Yes, this is recency bias, as the Angels just got swept in Chicago, the final game a 7-0 loss in which they were baffled by Chris Flexen—the win ran his record to 3-15 on the season—and bullpen anonymoids Gus Varland and Jairo Iriarte. It was the Angels’ 12th loss in their last 15 games, and a perfect end to what is already the Angels’ losingest year ever; the only shame is that they couldn’t truly end their season now. Instead, they will disgust their fans one … well, three final times, probably, against the half-as-soulcrushed Texas Rangers, who went from a World Series parade to 11th place in a year.
But the Rangers are just tedious. The Angels are a White Sox-level dumpster conflagration, only with slightly different fuel. Not only did they assemble their worst season ever, but it felt every bit as bad as it was the whole time. The team was drab, unaccomplished, and listless on a daily basis, and has been aired out by manager Ron Washington in increasingly urgent and florid ways. “We forgot to bring real ballplayers into the organization,” Wash said earlier this week. “Nothing against these guys here but they’re not big-league baseball players.”
While Washington later said he misspoke (and truth often turns into misspeaking with an hour’s reflection and one sternly written text from on high), he wasn’t really wrong. He and the players around him spent this year losing in the dullest possible ways, all as their previous best player ever does sport-bending things only 31 miles up the road and their previous-previous best player ever missed almost all of the season with a slowly decomposing body. There will not be another Shohei Ohtani for the Angels, and quite probably not another Mike Trout either. This is true of most other franchises in baseball, too, but help is not on the way, here. The Angels have gone to this new realization cold turkey—frozen, supermarket-quality turkey.
Thus, getting swept by a team who was actually a month’s worth of losses worse than them when the series began is in its own way a worst-ever moment. The White Sox have been so galactically bad from the very start of the year that it became easy to forget the other terrible teams littering the bottom of the standings, like Miami, Colorado and Washington; we’d include the new West Sacramento franchise here, but they have some entertaining bombers who might go completely stats-nuts in their new flash-fried minipark.
And we definitely forgot the Angels. It can sometimes seem like that was the whole idea, because they have been so devoutly camouflaged from notice for so long. Even the Ohtani-Trout combination, which should have lit up the sky and led us toward a cultural renaissance for the sport, ended up almost 70 games below .500 in their six seasons together. The Rangers and Nationals, who were even worse, got rings. The Angels, as is the custom, got nothing.

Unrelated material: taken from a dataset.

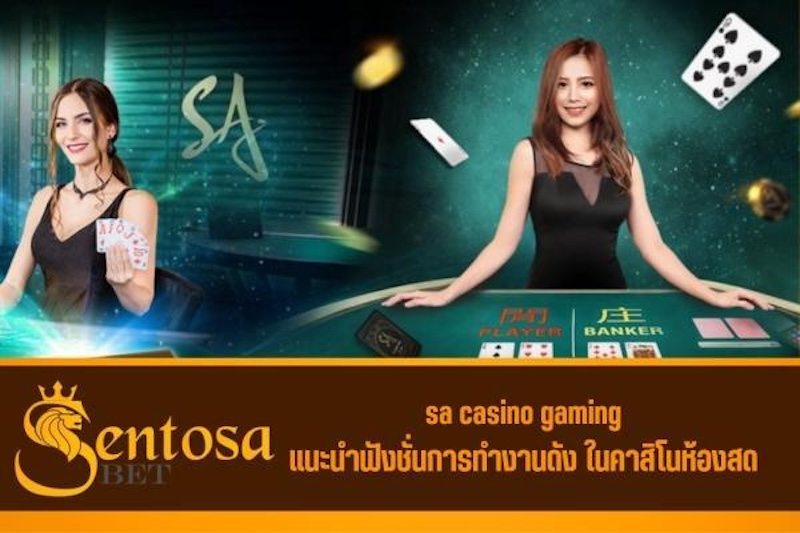 sa casino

This week, though, was the worst of all. Games that should have been played in private, or safely simulated on a computer, were instead played in front of people that came to see them—well, came to see the White Sox break the major league record for losses. And even then, the Angels couldn’t make anyone happy. They disappointed White Sox fans twice by letting the local nine walk off wins Tuesday and Wednesday, and then laid down like curs on Thursday. I mean, good on Flexen for having his best start of the year and lowering his season ERA under five, but the White Sox have no business beating anyone, 7-0, especially when the only thing their own fans want is a 121st loss that makes the first 120 worthwhile.
But this is the era of screw-the-fan (see this as proof), so that is also in part on the Angels. We could spin this into a bilious paragraph of Arte Moreno abuse, but he doesn’t even podium in the worst-owner-in-baseball event, nor does Jerry Reinsdorf. John Fisher sweeps the board there, now and for the foreseeable future.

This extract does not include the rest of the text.